++++ Material supplied

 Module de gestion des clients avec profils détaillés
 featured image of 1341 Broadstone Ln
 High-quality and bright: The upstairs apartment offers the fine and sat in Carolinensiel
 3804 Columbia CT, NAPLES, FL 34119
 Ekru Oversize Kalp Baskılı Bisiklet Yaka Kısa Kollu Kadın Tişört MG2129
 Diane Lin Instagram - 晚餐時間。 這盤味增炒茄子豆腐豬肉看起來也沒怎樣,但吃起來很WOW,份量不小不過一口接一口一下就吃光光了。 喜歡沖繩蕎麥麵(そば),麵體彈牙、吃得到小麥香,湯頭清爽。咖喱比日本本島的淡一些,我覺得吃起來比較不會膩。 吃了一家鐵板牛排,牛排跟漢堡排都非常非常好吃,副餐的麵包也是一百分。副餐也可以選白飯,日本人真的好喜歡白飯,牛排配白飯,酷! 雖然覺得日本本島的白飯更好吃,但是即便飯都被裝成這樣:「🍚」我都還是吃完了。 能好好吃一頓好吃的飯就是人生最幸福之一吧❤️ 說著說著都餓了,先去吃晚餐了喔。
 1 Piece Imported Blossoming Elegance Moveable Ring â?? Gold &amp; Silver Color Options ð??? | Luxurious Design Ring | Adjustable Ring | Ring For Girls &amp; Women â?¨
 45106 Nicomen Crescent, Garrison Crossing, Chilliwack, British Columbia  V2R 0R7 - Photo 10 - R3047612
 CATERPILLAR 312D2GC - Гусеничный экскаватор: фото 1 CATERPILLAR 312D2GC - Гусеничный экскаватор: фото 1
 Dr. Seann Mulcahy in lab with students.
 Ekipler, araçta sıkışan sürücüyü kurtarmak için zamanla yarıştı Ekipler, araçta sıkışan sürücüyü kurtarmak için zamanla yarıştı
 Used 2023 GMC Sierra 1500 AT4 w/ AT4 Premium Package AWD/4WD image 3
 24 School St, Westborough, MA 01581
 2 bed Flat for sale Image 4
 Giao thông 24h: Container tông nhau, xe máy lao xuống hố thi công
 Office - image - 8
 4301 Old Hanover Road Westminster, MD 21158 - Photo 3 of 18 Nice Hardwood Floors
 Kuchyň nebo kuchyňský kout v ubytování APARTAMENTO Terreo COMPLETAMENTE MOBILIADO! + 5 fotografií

++++++++

__Task instructions__: Would you retype exactly the lines above, from the line with "Ekru Oversize Kalp" to the line with "1 Piece Imported", with both end lines kept and nothing more?

__Answer for this exercise__:
 Ekru Oversize Kalp Baskılı Bisiklet Yaka Kısa Kollu Kadın Tişört MG2129
 Diane Lin Instagram - 晚餐時間。 這盤味增炒茄子豆腐豬肉看起來也沒怎樣,但吃起來很WOW,份量不小不過一口接一口一下就吃光光了。 喜歡沖繩蕎麥麵(そば),麵體彈牙、吃得到小麥香,湯頭清爽。咖喱比日本本島的淡一些,我覺得吃起來比較不會膩。 吃了一家鐵板牛排,牛排跟漢堡排都非常非常好吃,副餐的麵包也是一百分。副餐也可以選白飯,日本人真的好喜歡白飯,牛排配白飯,酷! 雖然覺得日本本島的白飯更好吃,但是即便飯都被裝成這樣:「🍚」我都還是吃完了。 能好好吃一頓好吃的飯就是人生最幸福之一吧❤️ 說著說著都餓了,先去吃晚餐了喔。
 1 Piece Imported Blossoming Elegance Moveable Ring â?? Gold &amp; Silver Color Options ð??? | Luxurious Design Ring | Adjustable Ring | Ring For Girls &amp; Women â?¨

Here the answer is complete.